Page last updated at 18:49 GMT, Monday, 10 August 2009 19:49 UK

DNA work begins at WWI mass grave

DNA expert at war grave in Frommelles
Experts began examining the grave last year

DNA tests have started on the remains of hundreds of WWI soldiers whose remains were found in a mass grave in northern France last year.

Genetic samples from living relatives have been taken to identify British and Australian remains taken from the site of the Battle of Fromelles.

Soldiers from Bristol, Gloucestershire, Warwickshire, Worcestershire were heavily involved in the fighting.

The exhumed bodies will later be buried with full military honours.

The grave was found after detective work by an Australian historian.
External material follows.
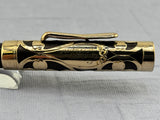 Conkin Crescent-Fill Gold-Filled Filigree Fountain Pen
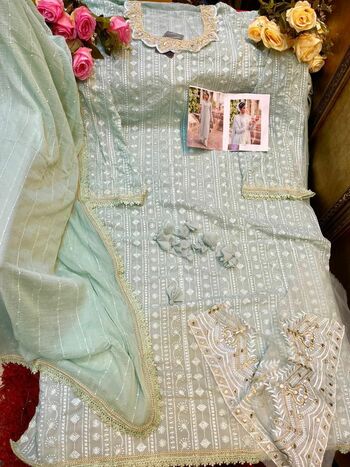 HOOR TEX AWESOME VOL 1 GEORGETTE PAKISTANI SALWAR KAMEEZ LATEST CATALOGUE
Fromelles on 19 July 1916, a frontal assault on German positions, cost the lives of more than 1,500 Australians and 500 British troops.

The 11-hour battle was the worst single loss of Australian life in the nation's entire military history.

Military honours

The British 61st Division, featuring the 4th (City of Bristol), 5th and 6th battalions of the Gloucestershire Regiment alongside men from the Royal Warwickshire Regiment and the Worcestershire Regiment, were heavily engaged in the attack.

Other British units, including the Oxford and Buckinghamshire Regiment, also sustained heavy losses as they attempted to support what was intended to be a diversionary attack to take pressure of Allied forces on the Somme.

German forces, who suffered only moderate casualties, are believed to have featured the then 27-year-old Adolf Hitler.

Australian amateur historian Lambis Englezos was honoured by the Australian government after his research led to the grave's discovery.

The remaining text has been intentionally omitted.